(Short web captions)
________
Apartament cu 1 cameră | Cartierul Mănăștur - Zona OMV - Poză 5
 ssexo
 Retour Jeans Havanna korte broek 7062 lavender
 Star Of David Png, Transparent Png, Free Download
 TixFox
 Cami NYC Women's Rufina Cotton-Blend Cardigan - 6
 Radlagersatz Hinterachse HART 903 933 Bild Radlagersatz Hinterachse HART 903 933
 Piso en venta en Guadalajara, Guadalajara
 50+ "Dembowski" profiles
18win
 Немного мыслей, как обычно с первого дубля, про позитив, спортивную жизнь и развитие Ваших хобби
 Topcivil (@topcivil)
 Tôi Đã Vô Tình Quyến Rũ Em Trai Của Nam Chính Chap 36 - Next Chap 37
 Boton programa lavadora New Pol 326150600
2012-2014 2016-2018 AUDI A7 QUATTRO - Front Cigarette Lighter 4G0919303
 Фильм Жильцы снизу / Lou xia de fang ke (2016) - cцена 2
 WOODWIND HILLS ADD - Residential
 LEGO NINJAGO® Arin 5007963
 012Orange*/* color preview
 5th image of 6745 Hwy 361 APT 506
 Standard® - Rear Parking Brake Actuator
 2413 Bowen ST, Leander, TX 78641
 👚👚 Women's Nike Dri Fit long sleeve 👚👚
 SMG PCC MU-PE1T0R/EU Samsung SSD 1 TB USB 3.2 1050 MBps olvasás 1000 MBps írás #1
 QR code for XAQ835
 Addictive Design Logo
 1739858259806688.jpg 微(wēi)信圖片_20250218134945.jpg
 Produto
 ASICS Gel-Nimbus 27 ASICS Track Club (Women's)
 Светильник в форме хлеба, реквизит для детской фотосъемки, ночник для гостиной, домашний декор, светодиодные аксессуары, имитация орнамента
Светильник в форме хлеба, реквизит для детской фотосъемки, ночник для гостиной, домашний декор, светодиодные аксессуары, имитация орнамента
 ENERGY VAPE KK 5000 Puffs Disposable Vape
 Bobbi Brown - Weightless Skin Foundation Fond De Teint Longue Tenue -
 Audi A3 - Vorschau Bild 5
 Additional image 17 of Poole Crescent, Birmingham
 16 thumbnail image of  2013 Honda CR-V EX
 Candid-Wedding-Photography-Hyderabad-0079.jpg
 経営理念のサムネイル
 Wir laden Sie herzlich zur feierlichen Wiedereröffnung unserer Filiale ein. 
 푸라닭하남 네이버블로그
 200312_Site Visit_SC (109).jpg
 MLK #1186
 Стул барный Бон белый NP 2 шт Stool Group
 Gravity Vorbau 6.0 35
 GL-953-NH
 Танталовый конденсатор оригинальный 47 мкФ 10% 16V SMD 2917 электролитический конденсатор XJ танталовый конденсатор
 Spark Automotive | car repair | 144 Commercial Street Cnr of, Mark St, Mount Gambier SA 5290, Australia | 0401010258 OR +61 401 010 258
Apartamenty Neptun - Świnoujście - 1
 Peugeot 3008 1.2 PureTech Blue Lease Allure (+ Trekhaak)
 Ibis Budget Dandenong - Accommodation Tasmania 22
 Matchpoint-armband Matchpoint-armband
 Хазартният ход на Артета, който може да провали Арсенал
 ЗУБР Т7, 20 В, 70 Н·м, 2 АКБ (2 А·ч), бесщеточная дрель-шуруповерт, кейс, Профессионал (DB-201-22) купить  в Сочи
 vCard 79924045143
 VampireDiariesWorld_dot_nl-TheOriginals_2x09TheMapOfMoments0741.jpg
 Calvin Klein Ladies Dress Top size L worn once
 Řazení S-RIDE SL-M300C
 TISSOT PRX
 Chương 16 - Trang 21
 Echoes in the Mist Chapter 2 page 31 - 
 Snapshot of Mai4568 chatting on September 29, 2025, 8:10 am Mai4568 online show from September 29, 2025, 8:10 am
________
** Goal of the exercise **
Set down exactly the lines from the one that contains "Řazení S-RIDE SL-M300C" to the final line above, both included, and nothing more.

** Answer for the task **
 Řazení S-RIDE SL-M300C
 TISSOT PRX
 Chương 16 - Trang 21
 Echoes in the Mist Chapter 2 page 31 - 
 Snapshot of Mai4568 chatting on September 29, 2025, 8:10 am Mai4568 online show from September 29, 2025, 8:10 am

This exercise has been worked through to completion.